19 punktów, 12 zbiórek i 13 asyst - to linijka Lonzo Balla, debiutanta Los Angeles Lakers, w meczu przeciwko Milwaukee Bucks. Zawodnik potrzebował niespełna miesiąca rozgrywek, by osiągnąć pierwsze triple-double w NBA, ale co ważniejsze - został najmłodszym graczem w historii, który tego dokonał.
Ball w starciu z Bucks miał dokładnie 20 lat i 15 dni, dzięki czemu pobił rekord należący od lat do LeBrona Jamesa. Lider Cleveland Cavaliers swoje pierwsze triple-double zanotował w wieku 20 lat i 20 dni (sezon 2004/05). - Niezbyt mnie to interesuje. Przegraliśmy, więc nie ma to dla mnie większego znaczenia - skomentował po spotkaniu młody gracz Jeziorowców.

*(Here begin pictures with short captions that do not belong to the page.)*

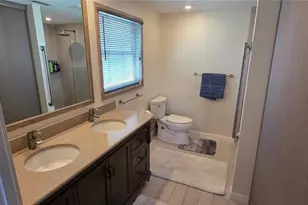 2260 Sandlewood Dr, Venice, FL 34293 - Photo 40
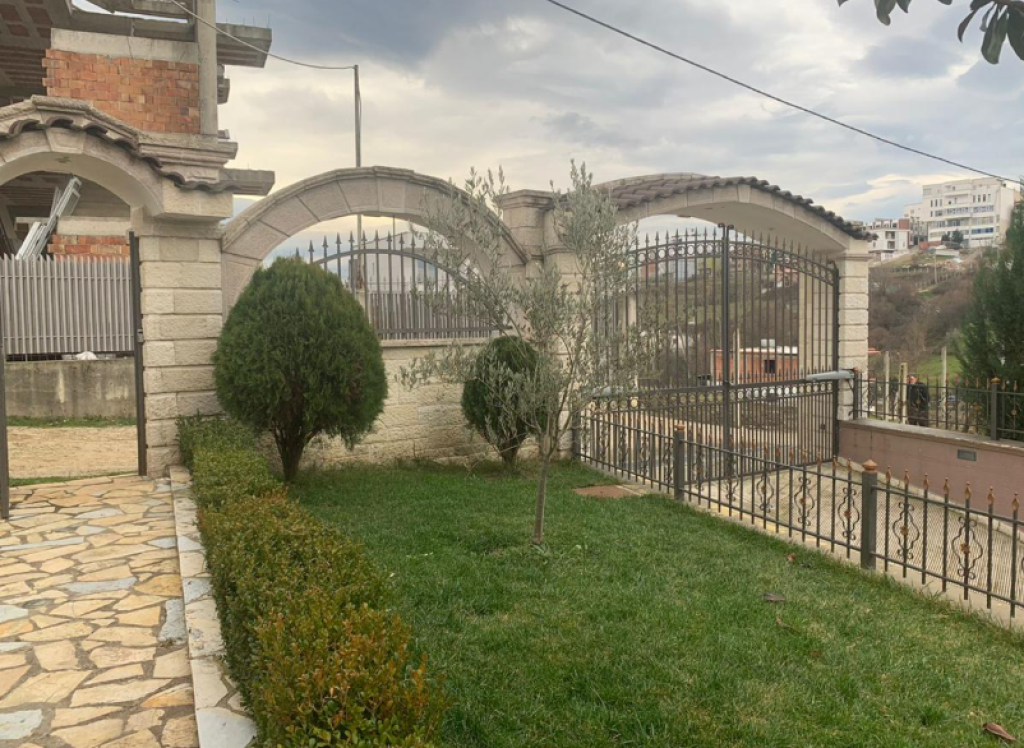 Vilë Luksoze për Shitje – Farkë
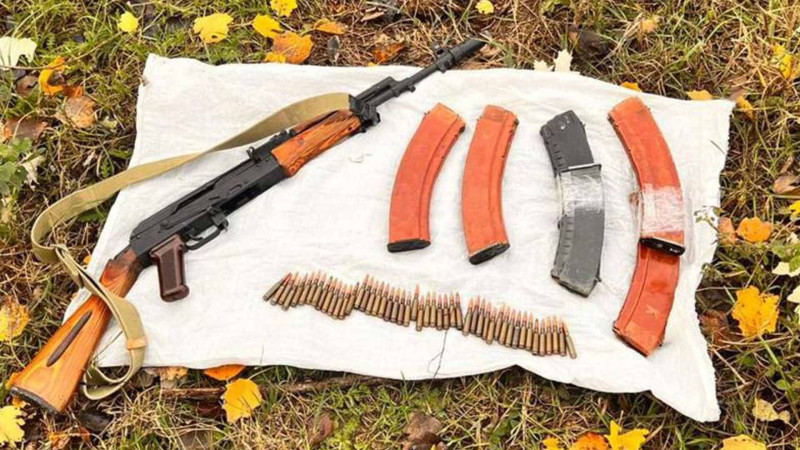 Xaçmazda “AK-74” markalı avtomat tapılıb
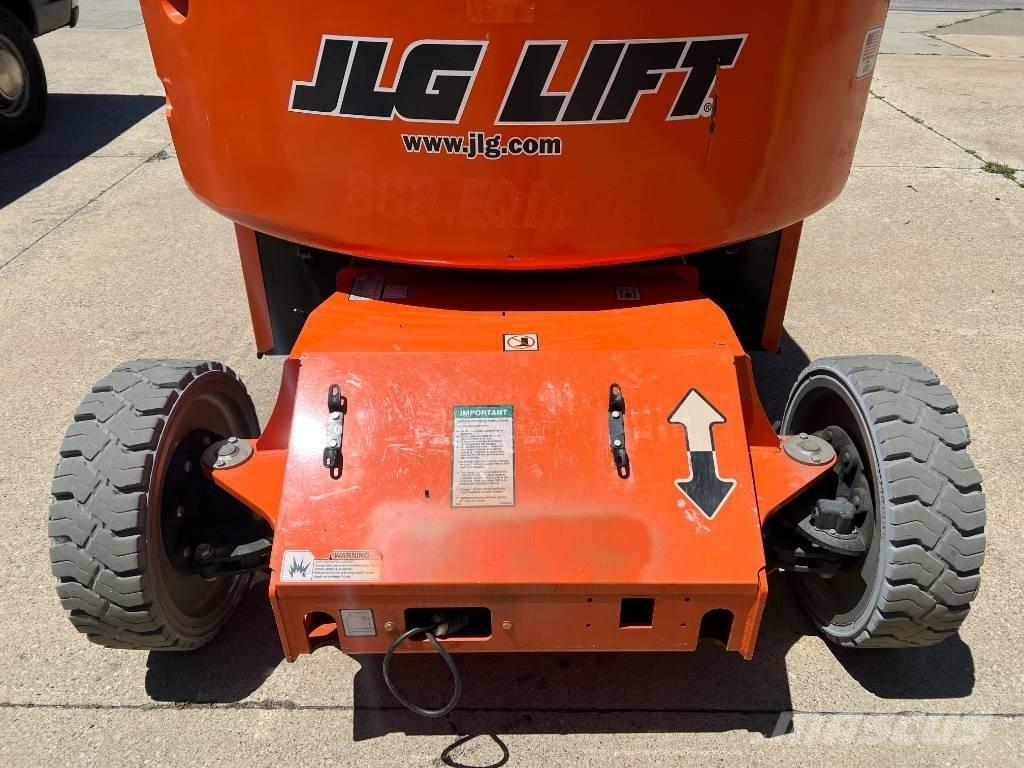 JLG E 400 AJPN ブームリフト　屈伸型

Choć Lonzo nie ma jeszcze większego doświadczenia w najlepszej lidze koszykówki, już porównuje się go m.in. do Jasona Kidda - byłego koszykarza, a obecnego trenera Bucks. - Ball potrafi grać w koszykówkę i będzie potrafił też sprawić, że jego koledzy będą grać lepiej. Triple-double niedługo stanie się dla niego normą - powiedział Kidd.
Dla Balla był to 13 mecz w tym sezonie, ale pierwszy, w którym trafił przynajmniej 50 procent rzutów z gry (7/12). Póki co to jego największy mankament, bowiem średnio trafia 31,4 proc. prób z gry, 25 proc. z dystansu i 50 proc. z linii rzutów wolnych.
ZOBACZ WIDEO: Kosecki i Saganowski bronią decyzji dotyczącej Krychowiaka. "Łatwo jest zawodnika przetrenować"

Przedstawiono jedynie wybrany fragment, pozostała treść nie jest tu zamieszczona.